Поначалу ораториальные образцы употреблялись в России исключительно для парадно-светских нужд. Работавший в Москве государев дьяк Василий Титов (ок. 1650—1710) освоил польский хоровой концерт для торжеств по случаю победы под Полтавой.

Систематические пробы концертной литургии состоялись по провинциальной частной инициативе. Для домашней церкви сольвычегодского имения графов Строгановых был выписан «настоящий» профессиональный композитор, поляк Николай Дилецкий (ок. 1630-ок.1680). Его духовные концерты воспринимались как блестящий реквизит аристократического быта, включающего в России также и домашнее богомольство.
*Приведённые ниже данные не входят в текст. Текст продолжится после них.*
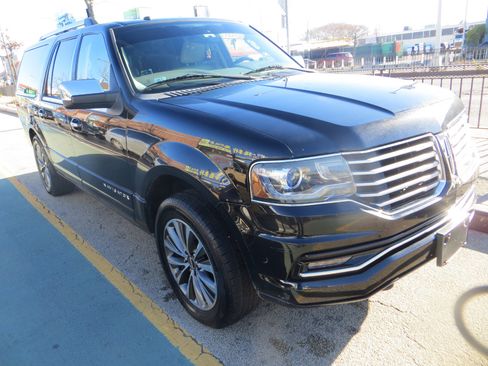 Used 2017 Lincoln Navigator L Select image 3
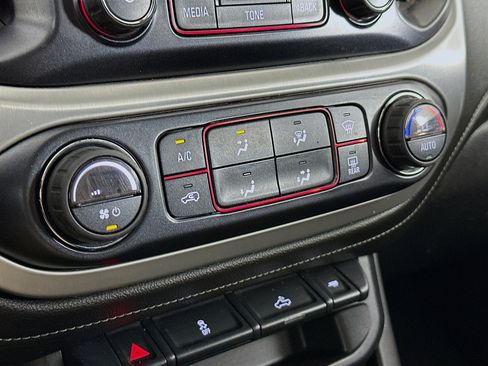 Used 2016 GMC Canyon SLE w/ SLE Convenience Package RWD image 24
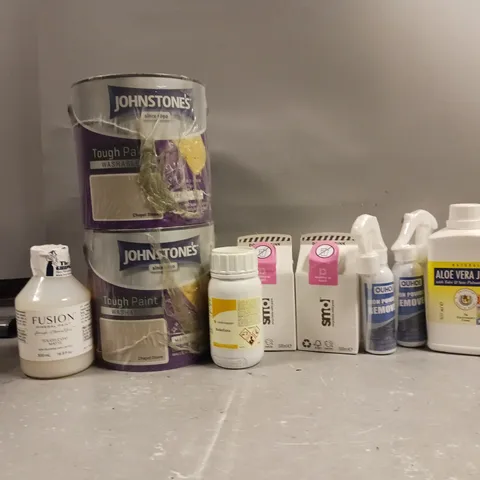 LOT OF ASSORTED HOUSEHOLD ITEMS TO INCLUDE JOHNSTONES PAINT, WASHING UP LIQUID, ETC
От передовой роскоши не удержался и императорский двор. Государевы певчие дьяки, переведенные из Москвы, в новой столице попали в положение маргиналов. Теперь следовало учиться не по певческим азбукам, а по «Грамматике мусикийской» — учебнику композиции, опубликованному по-русски Николаем Дилецким (руководство написано еще в Польше), поскольку в придворной церкви требовался концертный стиль. Жанр получил «обоеполое» церковно-светское название: «духовный концерт». Расцвет духовного хорового концерта приходится на последнюю треть XVIII века, когда работали рано умерший (покончил жизнь самоубийством) Максим Березовский (1745—1777) и успевший застать Пушкина и Глинку Дмитрий Бортнянский (1751 — 1825). Оба композитора родились в Малороссии, были воспитаны в Италии на деньги императорской капеллы и фигурировали в советских учебниках истории музыки главным образом как талантливые украинские крестьянские дети, оторванные от дома жестоким царизмом.
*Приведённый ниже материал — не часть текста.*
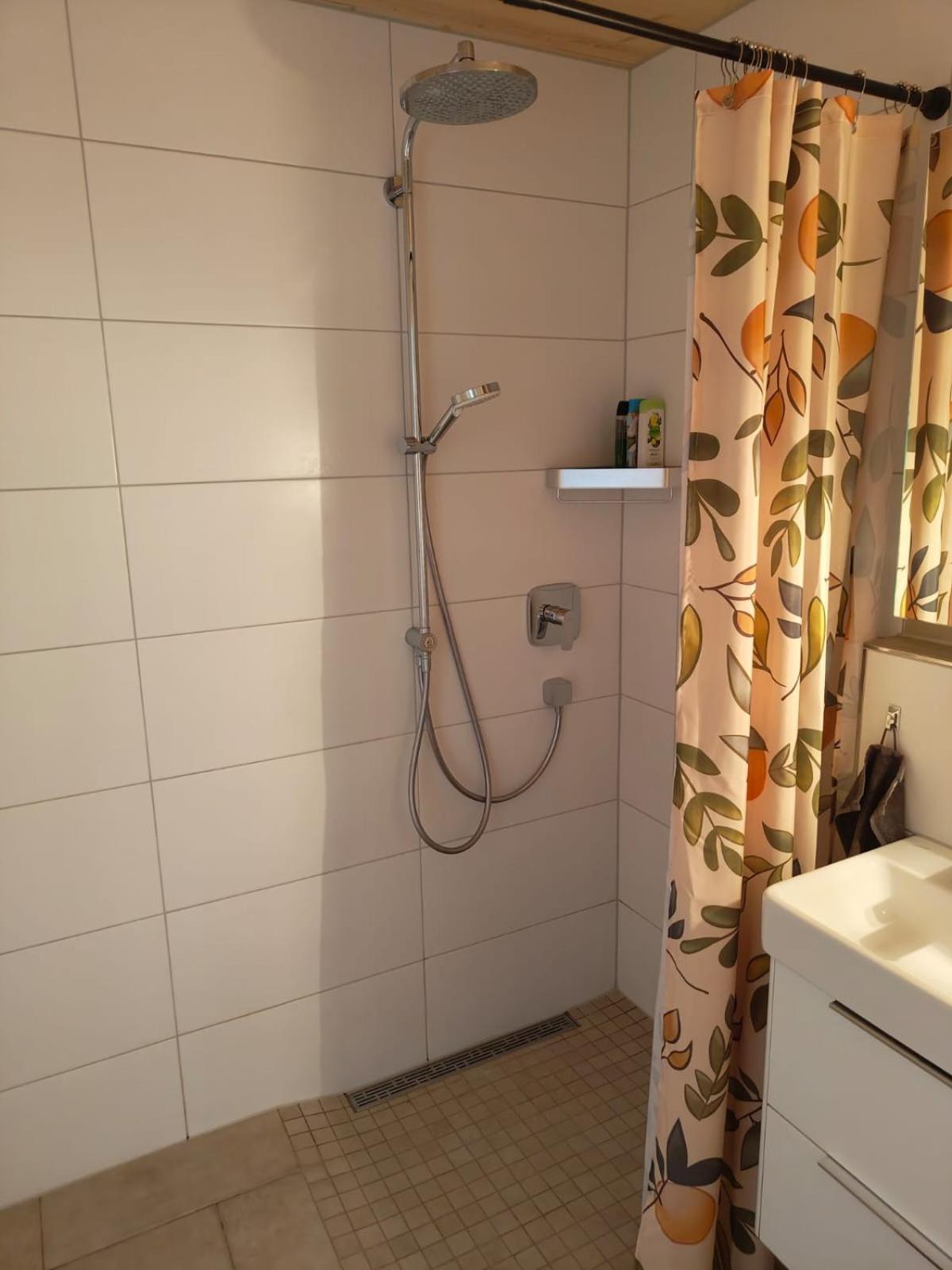 Charismatisch Und Gemuetlich In Guettingen, Nah Zum Buchensee Und Bodensee, Tolle Lage Radolfzell am Bodensee Exterior foto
Отличие русского хорового концерта от западной оратории состоит в отсутствии оркестра: хор выступает без сопровождения, как принято в православном храме. Единственная «родная» черта жанра настолько явственно указывала на уцелевшую в ходе модернизаций самобытность, что духовные концерты Березовского и Бортнянского в социалистическую эпоху дозволялось исполнять (разумеется, уже после Великой Отечественной войны, отчасти «реабилитировавшей» Церковь) лишь в порядке исключения и только самым авторитетным коллективам, — собственно, все той же бывшей придворной капелле (Ленинградской хоровой капелле под руководством А. Юрлова). В то же время западные мессы и оратории в концерты допускались без особых возражений. Такая селективность укоренила духовный концерт в храме, лишила его исходных светских коннотаций и сделала частью православной литургической традиции.
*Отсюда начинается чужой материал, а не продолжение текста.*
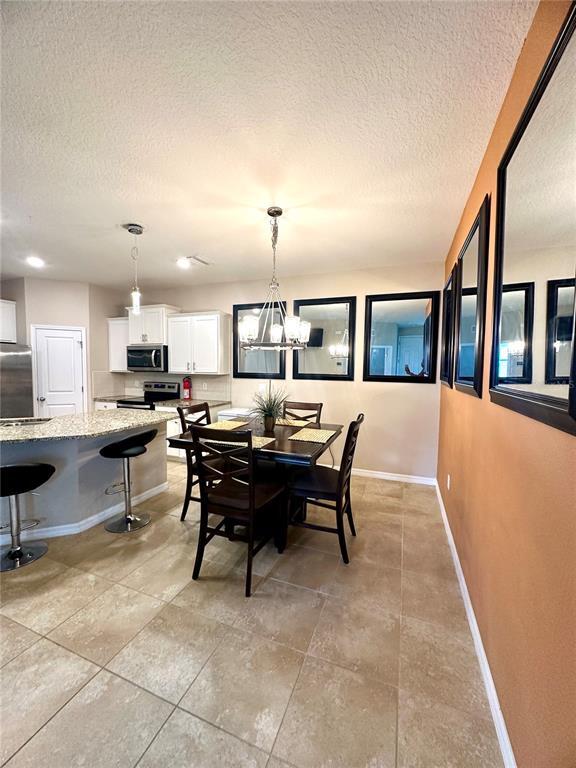 Building Photo - 7684 Stonebrook Cir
Отечественная история так повернулась, что в стенах храма наглухо замыкалась и добрая половина классического наследия XIX века. Даже сверхпопулярному Чайковскому не дозволялось слыть автором монументальной «Литургии Св. Иоанна Златоуста». Тем более молчали о гениальном «Всенощном бдении» эмигранта Сергея Рахманинова (1873—1943). А уж менее знаменитые зарубежные соотечественники казались и вовсе какими-то творческими букашками. Проживший без малого сто лет Александр Гречанинов (1864—1956) повторил за Мусоргским опыт сочинения оперы по гоголевской «Женитьбе» и заслужил пару примечаний в толстых томах, исписанных в советское время на тему великой русской музыки. Между тем создавал Гречанинов главным образом литургические сочинения, правда, что вдвойне непростительно, пребывая в США.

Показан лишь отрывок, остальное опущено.